Die Authentizität und das Tourismusverständnis bilden den Nährboden für die Zusammenarbeit zwischen Tourismus und Landwirtschaft. Dieser muss solide und gehaltvoll sein, weil in Zukunft noch viele anspruchsvolle, aber spannende Herausforderungen auf uns zukommen werden: «Zurück zur Natur liegt» voll im Trend.

Das begünstigt den weiteren Ausbau von Agrotourismus. Ferien auf dem Bauernhof, Alpkäsereibesichtigungen, Direktvermarktung und Stallvisiten sind nur einige Angebote, die bereits existieren. Sie lassen die Landwirtschaft spür- und greifbar werden, geben der Stadtbevölkerung einen Einblick in die von ihnen idealisierte, heile Welt. Sie lernt, woher die Milch kommt, wie es im Stall riecht und wie es sich anfühlt, ein frisch geborenes Kalb zu streicheln. Sie sieht aber auch, mit wie viel Arbeit die Produktion von Käse- und Fleischprodukten verbunden ist. Derart sensibilisiert kaufen die Gäste lokal ein und stehen für landwirtschaftliche Anliegen ein. Kurz: Agrotourismus ist Landwirtschaftslobbying. Einfallsreicher und gut umgesetzter Agrotourismus ist zudem eine Attraktivitätssteigerung für die Destination.

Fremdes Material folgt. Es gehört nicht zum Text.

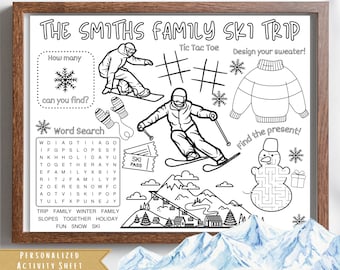 Op de afbeelding: Een zwart-witte printbare activiteitenblad voor een gezins-skivakantie. Het blad bevat een woordzoeker, een tic-tac-toe spel, een ontwerp-je-eigen-trui-activiteit en een vind-het-cadeau-doolhof. De tekst op het blad luidt "The Smiths Family Ski Trip".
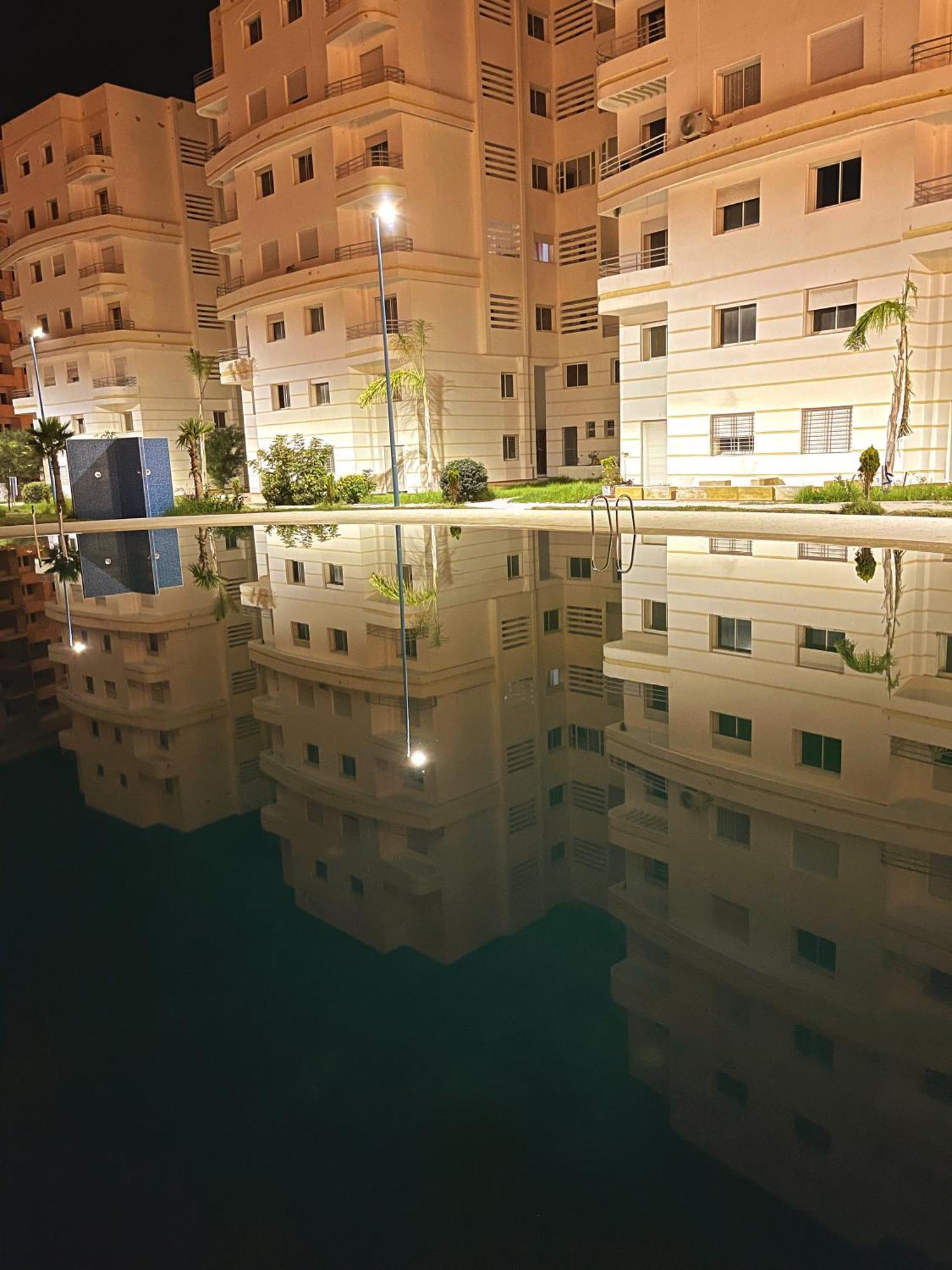 Elegant Appartement Avec Un Acces Piscine Jardin Parking Sous-Sol Et Wifi Haut Debit Fibre Optique Tangier Exterior photo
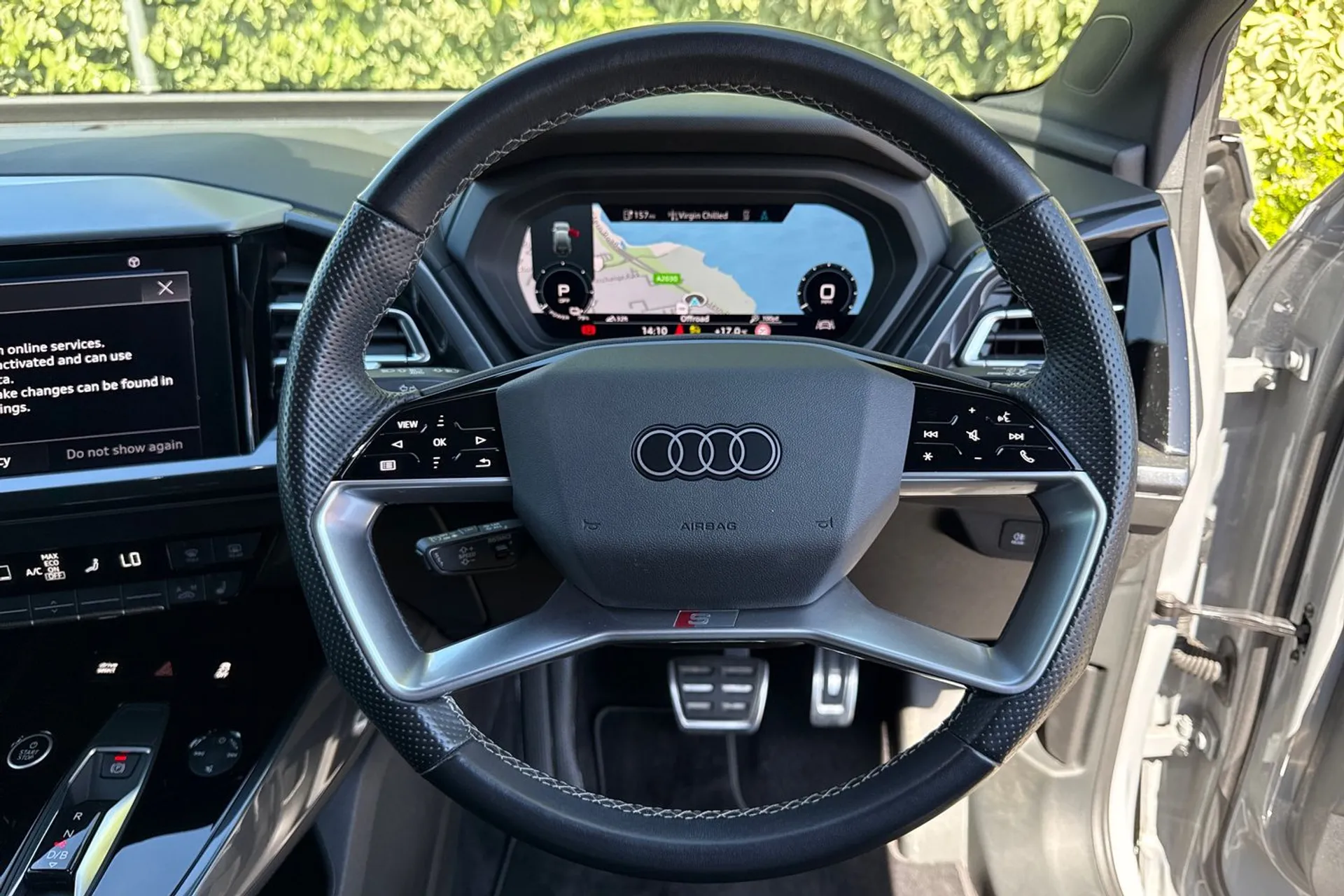 Audi Q4 thumbnail image number 30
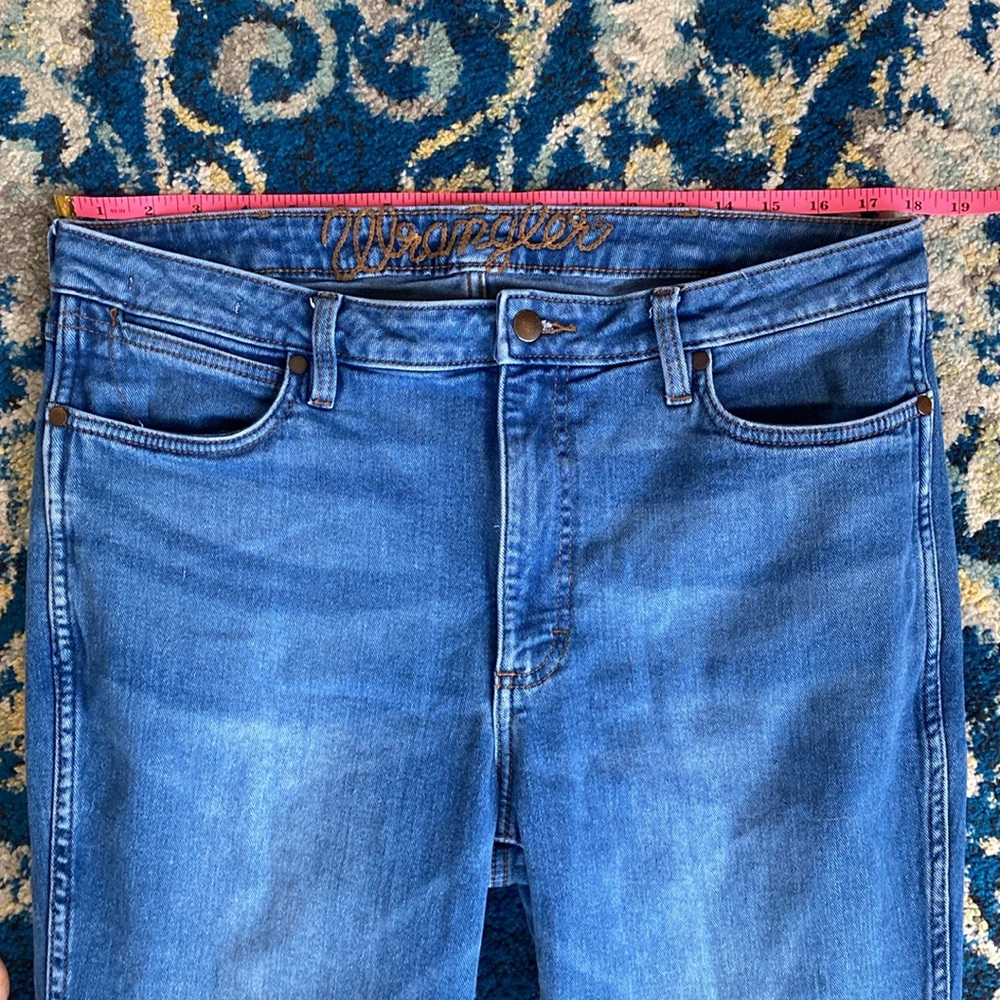 Wrangler High Rise Trouser Boot - Picture 9 of 10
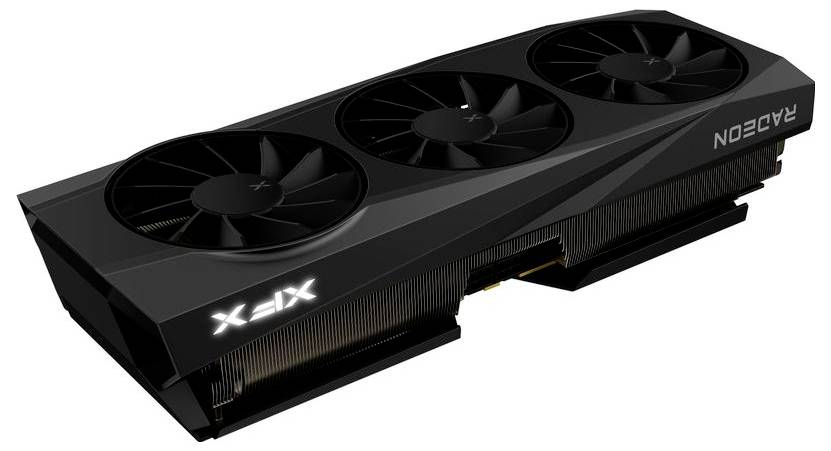 Een zwarte videokaart met drie ventilatoren en verlichte 'XFX' tekst aan de zijkant. Hij behoort tot de Radeon-serie.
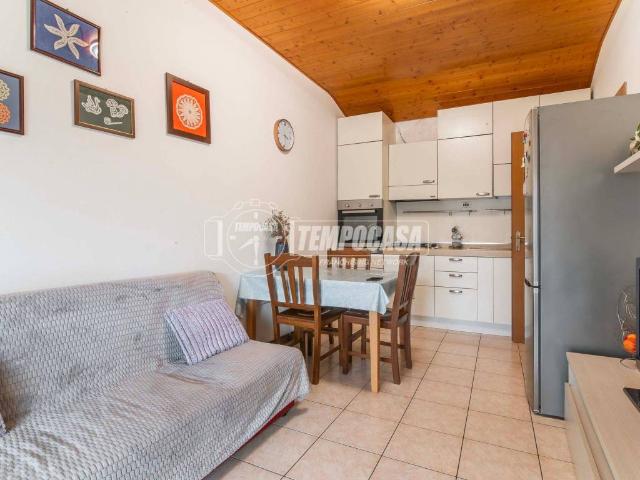 Appartamento in vendita a Guanzate, Lombardia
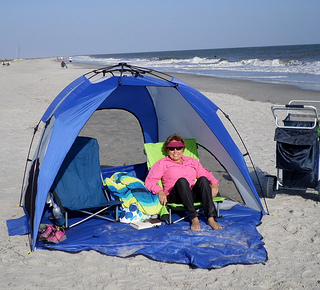 beach pop up tent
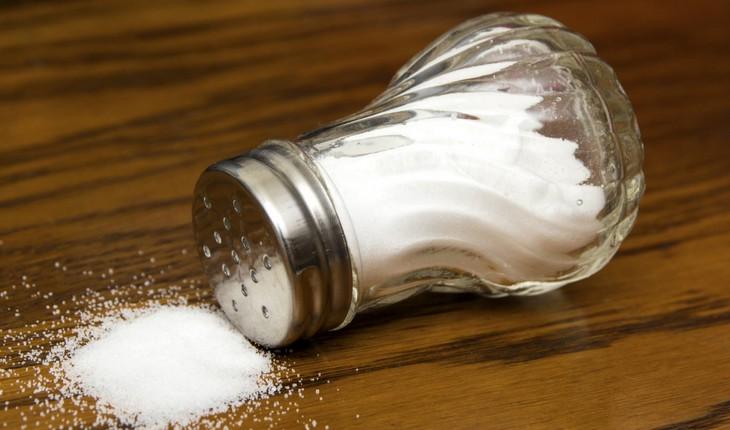 Pote de sal sobre a mesa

Wir wissen heute, dass der Entdeckergeist der Städter stetig steigt und somit innovative Ideen der Landwirtschaft (und des Tourismus) viel Potenzial bieten. Und da kommen wir als Tourismusorganisation ins Spiel: Da wir in der Entwicklung und Umsetzung von Produkten über praktische Erfahrung und Fachwissen verfügen, bieten wir in diesem Prozess gerne Hand. Wir unterstützen die Landwirtinnen und Landwirte in der Umsetzung. Wir begleiten sie vom Konzept bis zur Buchung. Wichtig sind praktische sowie kundenorientierte Lösungen und das Vermitteln von Kontakten der Experten.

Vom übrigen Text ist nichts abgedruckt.